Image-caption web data
◇ ◇ ◇

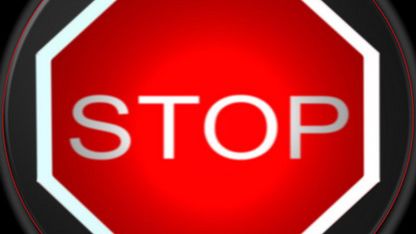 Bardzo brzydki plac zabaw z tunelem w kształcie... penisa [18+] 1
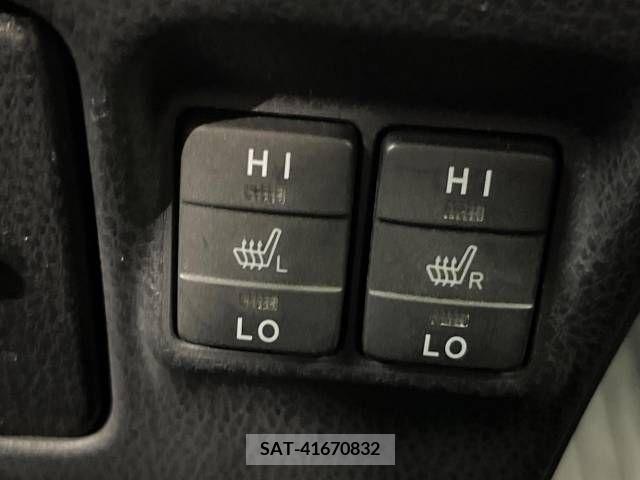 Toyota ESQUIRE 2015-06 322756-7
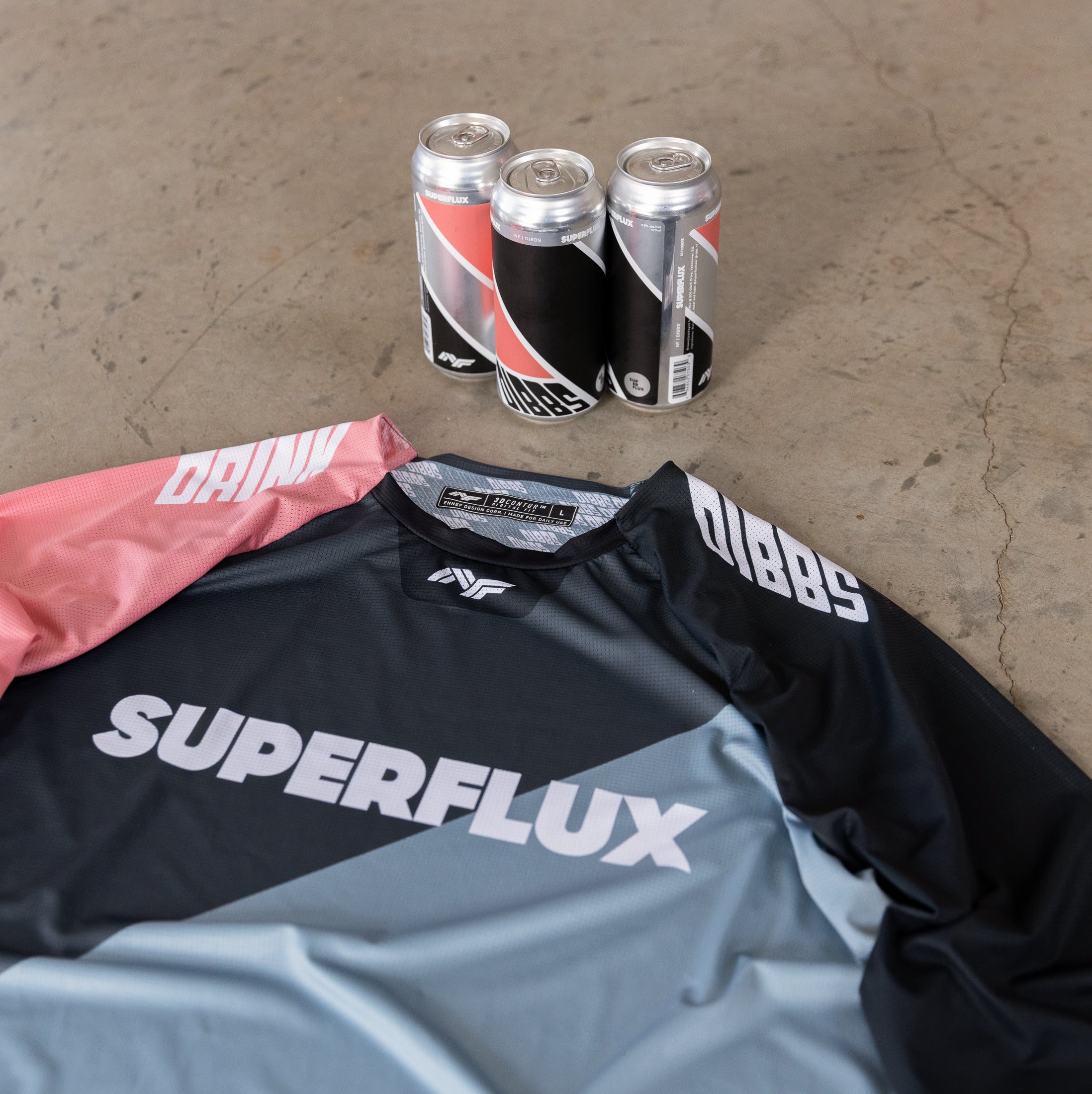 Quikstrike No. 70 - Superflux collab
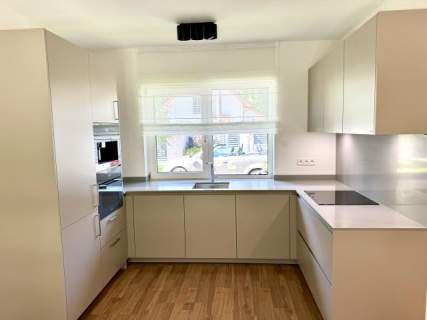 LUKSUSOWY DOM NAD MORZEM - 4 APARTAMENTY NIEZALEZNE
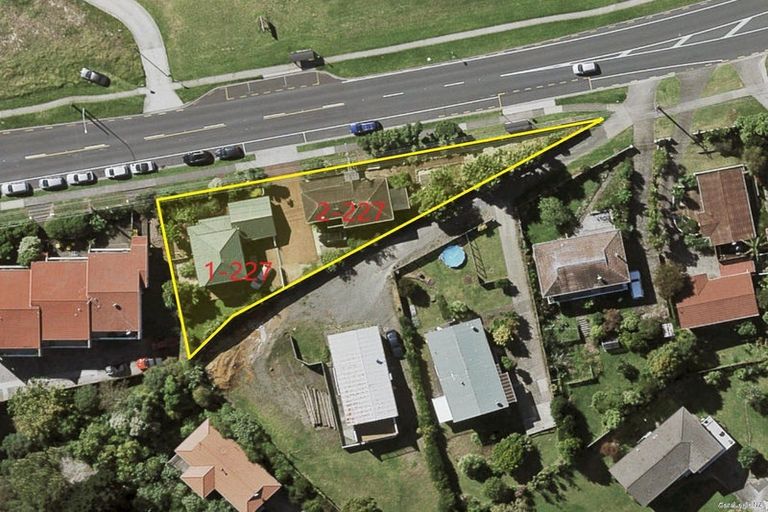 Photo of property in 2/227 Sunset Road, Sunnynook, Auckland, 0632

◇ ◇ ◇

Exercise directions => Take the line containing "Toyota ESQUIRE 2015-06 322756-7" and every line after it to the end of the records, and restate them verbatim, with no pictures.

Exercise answer =>
 Toyota ESQUIRE 2015-06 322756-7
 Quikstrike No. 70 - Superflux collab
 LUKSUSOWY DOM NAD MORZEM - 4 APARTAMENTY NIEZALEZNE
 Photo of property in 2/227 Sunset Road, Sunnynook, Auckland, 0632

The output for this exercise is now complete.